La línea seguía ocupada.

—Llévame de regreso —dijo Pei Sheng, mostrando una ansiedad poco habitual en él.

Zhou Shaoran no entendía qué ocurría.

—¿Qué pasó?

Aun así, se apresuró a conducir hacia la casa de Pei Sheng.

—No puedo comunicarme con Gu Lin.

Pei Sheng estaba a punto de intentarlo por tercera vez cuando Gu Lin se adelantó y lo llamó.
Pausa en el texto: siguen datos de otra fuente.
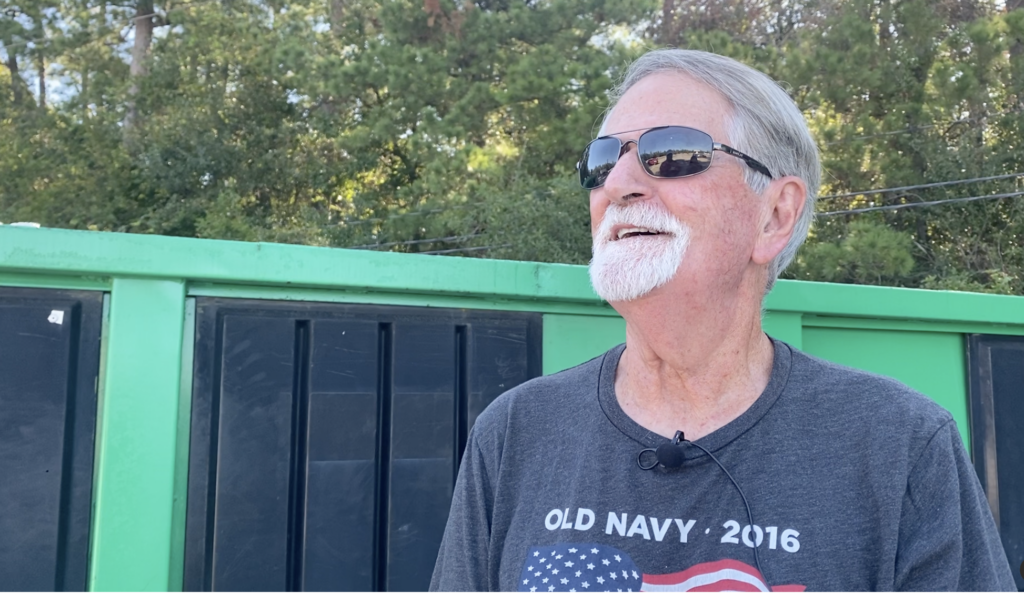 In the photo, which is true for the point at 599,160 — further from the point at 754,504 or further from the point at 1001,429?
the point at 1001,429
Respondió inmediatamente y escuchó su voz al otro lado:

—¿Pei Sheng? ¿Qué pasa?

Pei Sheng oyó el ruido de vehículos pasando al otro lado de la llamada. La zona residencial estaba cerca de una calle, así que parecía estar a salvo.

—El localizador de Laduo lleva todo este tiempo sin moverse. ¿Qué sucede?

—Está jugando con otro perrito. Hay un perro blanco enorme y superadorable. A Laduo le gusta muchísimo y, por suerte, al dueño del otro perro también le cae bien Laduo.

La voz de Gu Lin sonaba un poco más suave de lo habitual a través del teléfono, agradable al oído.

El cuerpo de Pei Sheng, que hasta entonces había permanecido completamente tenso, finalmente se relajó contra el respaldo del asiento.

Entonces escuchó a Gu Lin llamar desde el otro lado:

—Laduo, regresa.

Inmediatamente se oyó el ladrido emocionado de Laduo.

—No te preocupes. Laduo es muy obediente. Tú trabaja tranquilo, ¡yo cuidaré bien de él!

Pei Sheng soltó una ligera risa.

—Sé que Laduo es muy obediente.

Por quien estaba preocupado era por Gu Lin y por los problemas que pudiera provocar.

—Yo también soy muy obediente —protestó Gu Lin—. Tú sigue trabajando. ¡Adiós!

Dicho eso, colgó.

Pei Sheng miró la llamada finalizada y sonrió con impotencia.

Mientras esperaban a que cambiara el semáforo, Zhou Shaoran observó su expresión y sintió que algo no cuadraba.

—Pei-ge, ¿por qué siento que tu relación con Gu Lin ya no es nada inocente?

—¿Mm?

Pei Sheng lo miró sin comprender.

—Cuando hablas por teléfono con nosotros siempre eres: «¿Qué pasa? Mm. Está bien. Bien». —Zhou Shaoran negó repetidamente con la cabeza—. Pero cuando hablas con Gu Lin hasta sonríes. Y después de colgar todavía te quedas con cara de querer seguir hablando.

Como siempre, Pei Sheng no se molestó en responder a semejantes comentarios.

—Mira el camino.

El semáforo estaba a punto de cambiar y Zhou Shaoran preguntó rápidamente:

—Entonces, ¿todavía regresamos?

—¿No dijiste que nuestra amistad se estaba enfriando?

Pei Sheng abrió el chat grupal y escribió que salieran a comer.

Wang Yang respondió que ya estaba allí. Probablemente Zheng Wei también se encontraba con él.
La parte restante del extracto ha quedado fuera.